Work to be completed:
Retype the listing that follows without a single change.
Segment Start: Data excerpt
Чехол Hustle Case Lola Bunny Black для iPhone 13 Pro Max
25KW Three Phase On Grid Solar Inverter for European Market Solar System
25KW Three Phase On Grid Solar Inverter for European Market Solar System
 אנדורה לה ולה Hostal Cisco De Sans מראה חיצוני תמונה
Segment End: Data excerpt
Answer box:
Чехол Hustle Case Lola Bunny Black для iPhone 13 Pro Max
25KW Three Phase On Grid Solar Inverter for European Market Solar System
25KW Three Phase On Grid Solar Inverter for European Market Solar System
 אנדורה לה ולה Hostal Cisco De Sans מראה חיצוני תמונה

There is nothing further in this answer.